[Input data — start]

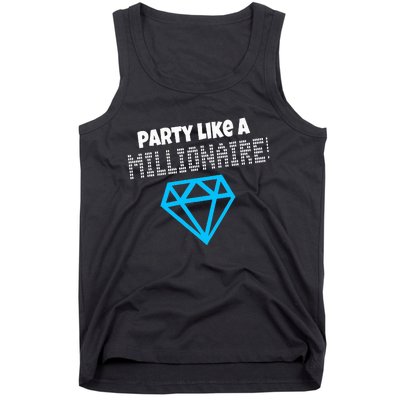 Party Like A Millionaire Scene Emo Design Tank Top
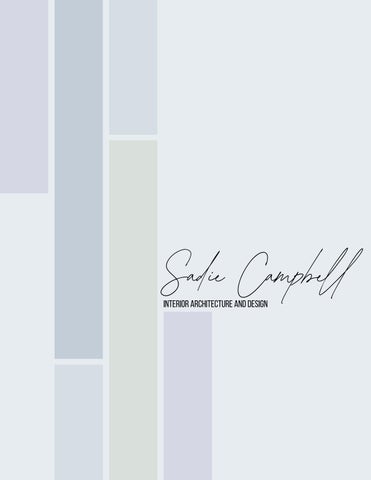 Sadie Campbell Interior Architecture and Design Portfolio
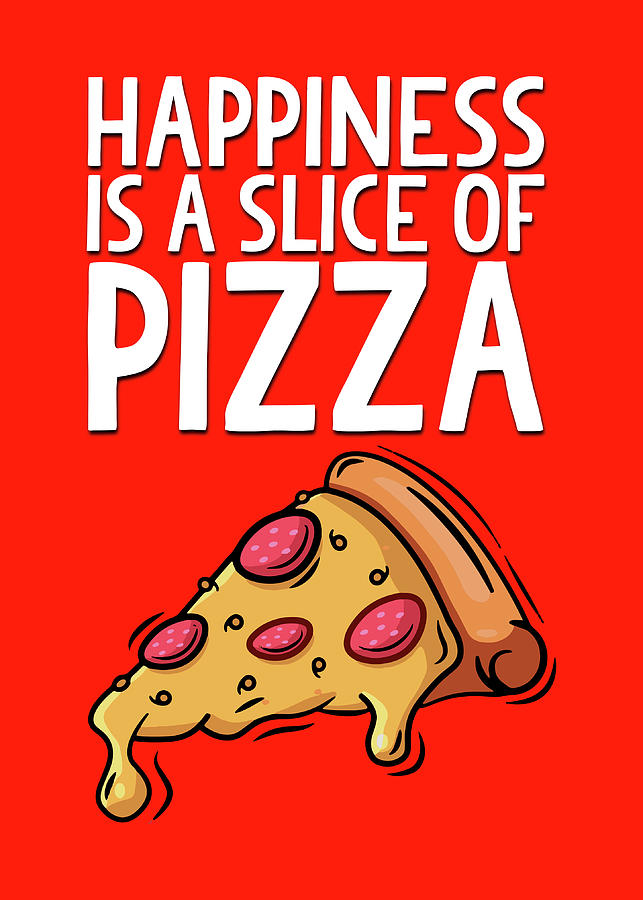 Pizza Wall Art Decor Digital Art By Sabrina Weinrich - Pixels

[Input data — finish]

§ **Task description**: No pictures, please. Output the listing above exactly as it stands.

§ **Exercise output**:
 Party Like A Millionaire Scene Emo Design Tank Top
 Sadie Campbell Interior Architecture and Design Portfolio
 Pizza Wall Art Decor Digital Art By Sabrina Weinrich - Pixels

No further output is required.